At 10 o’clock in the morning last month, Chef Daniel Garwood’s phone started ringing. Congratulations came through the other end of the line: he had just been named a James Beard Award Semifinalist for Emerging Chef for his work at ACRU in New York’s West Village, where he is Executive Chef. At just 30, Garwood moved to the U.S. under three years ago, having worked in high-end, award-winning kitchens around the world. ACRU’s inventive menu features Garwood’s influences from his native Australia as well as Korea, Scandinavia, Europe, and the U.S., all with a bent toward sustainability–it is, for example, one of the few places in the U.S. to use dairy cow meat, and a majority of menu ingredients are locally sourced.

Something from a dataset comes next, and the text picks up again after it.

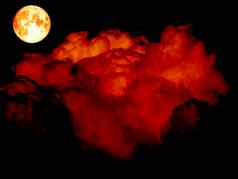 超级月亮红色的云黑暗树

Dishes at ACRULucia Bell-Epstein
Accolades like the Semifinalist designation from the James Beard Awards, among the most distinguished awards in the U.S. for culinary arts and media, are important to so many chefs. For Garwood it’s also important because of his dedication to mental health advocacy in the hospitality industry. “I thought if I move to the U.S. and I keep working hard, do get accolades and a bit of prestige, that maybe that could add to how I talk about mental health,” he said. “If you are respected and you do have prestige, I think it's quite easier to talk about these things, to hit a wider audience.”
As discussions about mental health expand across culture, the hospitality industry has become no exception, particularly during and after the COVID-19 pandemic. It’s an industry known for its long, sometimes uncertain hours, physically taxing work, and constant pressure. Garwood knows it all well. “A lot of the jobs I've worked at, especially early in my career, were about 110 hours a week, or something like, 16-18 hour days, and you're just tired,” he says. Leaving a job like that, even for a short while, can sometimes prove just as difficult. Working those hours and then stopping makes some people feel unbalanced. “When you're in such a high, intense environment, and then you come off, a lot of these guys end up turning to alcohol, drugs, or anything, just to calm them down or stop them or keep going,” he says. He’s witnessed it first hand, having lost friends in the industry to suicide.
One of the ways Garwood sought to bring awareness to mental health with food was through his pop-up dinner series Oralis. First created in Seoul, South Korea in February 2021, it also became the bookOralis: A Conversation on Food and Mental Health later that year, both created with his wife Sooky An. Having seen suicides double in Seoul while working there, Garwood created the series in partnership with suicide prevention service and crisis support network LifeLine Korea.
ACRU Executive Chef Daniel GarwoodLucia Bell-Epstein
Each course of the meal was prepared to reflect a different aspect of mental health. For example, a Camouflage Tart snack (“Crisps made from incredible Korean herbs and spices: dangui, nuruk powder, leek ash, and anise hyssop (Korean mint) hiding away in the moss encasing an emulsion from fermented pea paste, pickles from last season, and mackerel from Jeju,” as chronicled in Oralis) opened the dinner, to discuss presenting a persona that’s the opposite of one’s true feelings and thereby causing oneself pain. A dish called “Enter the Void,” followed. Served in a vertical dish, it featured squid, hot sauce, clams, and scallop custard and represented the need to engage with people on a deeper level.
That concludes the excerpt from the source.